ZY: Last year I didn't really have any staff and the operation was basically me doing everything. I didn't really have the proper equipment because I didn't know how busy we were going to be. This year I was able to have the equipment and staffing that I needed and I worked smarter. The biggest difference from last year is that we are open for a longer duration this time around. It's not so much a pop-up as a new business. We have been open for a few months and there has been a chance to really see business develop. When you have a pop-up people will come once and buy donuts with a sense of urgency. Now that we are open for longer I can see people's habits. People tend to come in early and buy 1 donut for themselves then they come later in the afternoon and buy a dozen for the office.
JZ: What's your routine everyday?
ZY: I walk to work everyday. That's my meditative time. I'm usually in no later than 9:30. From the minute I get in it's nonstop. I immediately start production. We make the cake donuts in the morning and the jelly filled donuts come out in 20-minute intervals throughout the whole day. We open up at noon so basically we hand make 500 cake donuts before we open. Nothing is made in advance and it's all fresh for that day. We also need to set up the shop because while we are here for a while it's still not a permanent business. It's not like we are a bakery with an existing set up. As we are setting up even though we are not open people are constantly coming up to buy donuts. The minute I put them in the display people want to buy them. From noon to 2:00 we have the lunch rush then it's a lull until 4:00pm and it's busy till 7:00. Three days a week I leave in the afternoon to go work in the restaurants. For the past few months I have been solely at Grand Central but now that Flex Donuts is grooving I can go back and forth. That's really the hard part for me is how to be in three places at once. Three locations are hard especially because I'm a control freak and it's hard for me to send out a plate with my name on it that I have never touched.
JZ: How many donuts do you eat a day?
ZY: Probably four or five. I don't eat whole donuts but just samples and I will usually eat more if we are working on a new flavor. If we are in development I will be eating ten donuts a day easily.
JZ: How do you stay in good shape?
ZY: I have a trainer and I'm on my feet all day.
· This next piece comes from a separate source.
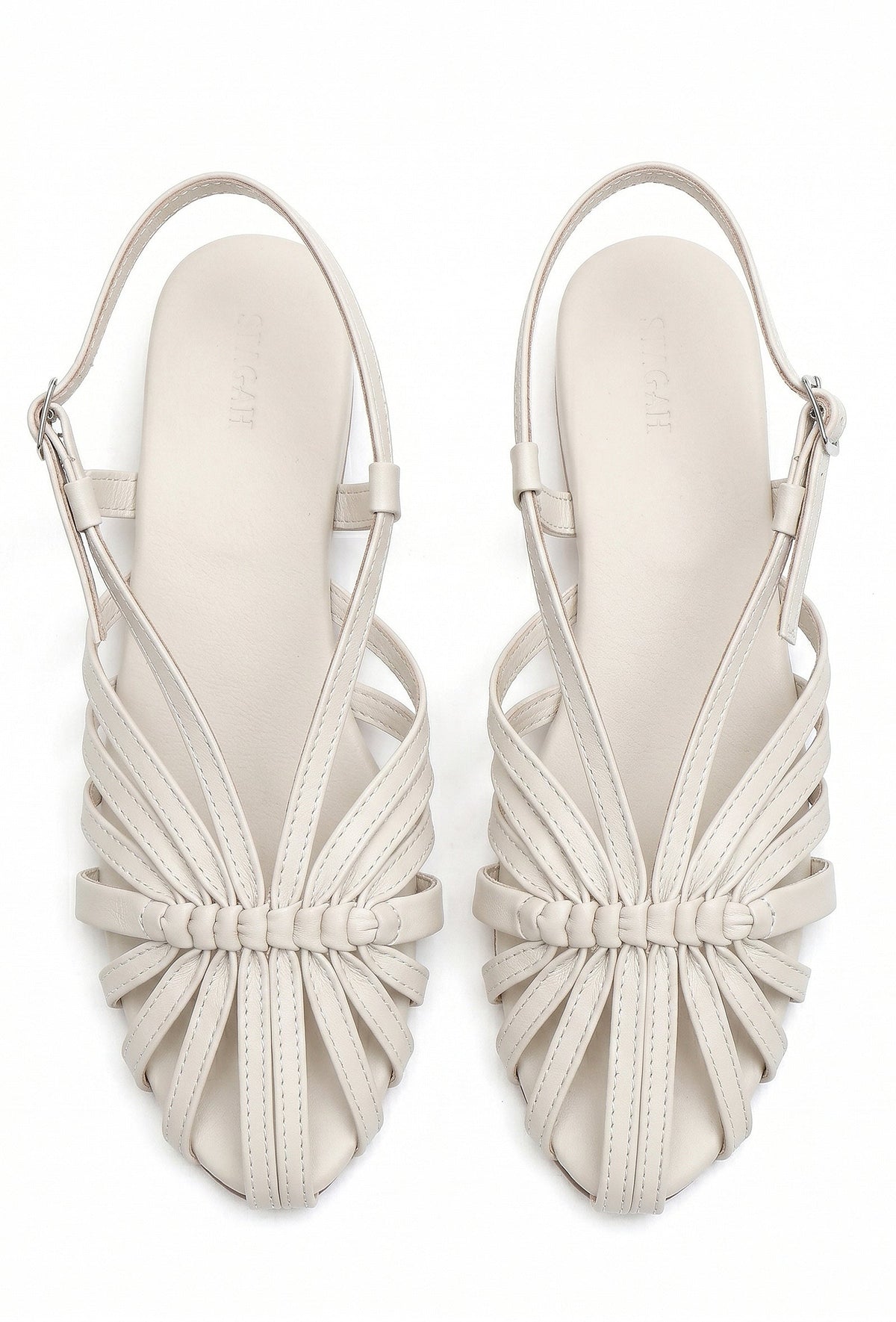 Off White Multi-Strap Knotted Slingback Flat Sandals サイズ EU36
People don't realize how physical cooking is. I'm lugging 50lb bags of flour all the time.
JZ: Does everyone order dessert?
ZY: Yes every table will order dessert.
JZ: Does the economy impact people ordering dessert?
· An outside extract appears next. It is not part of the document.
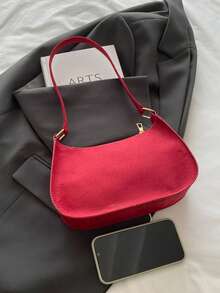 时尚简约单肩托特包手提包，复古复古腋下包，高端轻便拉链手提法棍包，多功能大容量小零钱包，别致欧美街头风，适合派对，上班通勤，化妆品收纳 - 紅色 - 查看 3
ZY: Actually, when the economy is down people order more dessert.
JZ: How has the role of a pastry chef changed? Is it much more important now for a pastry chef to have their own operation?
ZY: You know it's hard. You are always the first department to get cut and it's always a fight to get more equipment and space. You are the last course and sometimes it feels like you are the last thought especially because desserts are not usually the most profitable part of a restaurant.
JZ: So many pastry chefs are leaving restaurants these days and opening their own shops.
ZY: I'm not speaking about anyone's specific situation but there comes a point where you are at the top of your game and you are still competing with the executive chef and still working for someone else. Pastry chefs are usually very detail oriented and it seems natural that eventually they want to be out on their own.
JZ: Do you want to open your own bakery?
ZY: In my dream world I would love to own one fantastic bakery but that's not how you can make money. The market is really scary right now. Opening a business is very expensive.
JZ: That's why pop-ups are better.
ZY: Yes especially with donuts. When you are selling donuts for $2.00 you need to sell a lot of donuts to pay for a fryer. That's the scary thing about opening up a bakeshop as opposed to a restaurant.